[Dataset entries]

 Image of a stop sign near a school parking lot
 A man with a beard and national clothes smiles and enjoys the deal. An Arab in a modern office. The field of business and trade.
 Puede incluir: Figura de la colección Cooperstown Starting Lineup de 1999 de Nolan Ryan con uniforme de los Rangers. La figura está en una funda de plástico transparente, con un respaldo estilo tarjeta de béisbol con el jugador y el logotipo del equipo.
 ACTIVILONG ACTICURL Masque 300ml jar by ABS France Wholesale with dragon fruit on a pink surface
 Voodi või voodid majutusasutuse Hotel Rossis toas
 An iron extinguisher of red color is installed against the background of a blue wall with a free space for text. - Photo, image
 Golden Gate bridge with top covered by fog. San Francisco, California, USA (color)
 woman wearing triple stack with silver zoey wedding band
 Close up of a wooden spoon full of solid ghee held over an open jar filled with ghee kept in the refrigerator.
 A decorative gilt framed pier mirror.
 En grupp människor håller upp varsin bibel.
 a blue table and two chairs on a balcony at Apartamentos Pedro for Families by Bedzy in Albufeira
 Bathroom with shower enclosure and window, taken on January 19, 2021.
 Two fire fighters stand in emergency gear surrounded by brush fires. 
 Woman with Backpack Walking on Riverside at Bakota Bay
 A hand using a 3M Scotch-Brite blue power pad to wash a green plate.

■ **WHAT THE TASK ASKS**
Work out how many lines of the records contain the word "color". Give that number and nothing more.

■ **ANSWER BOX**
2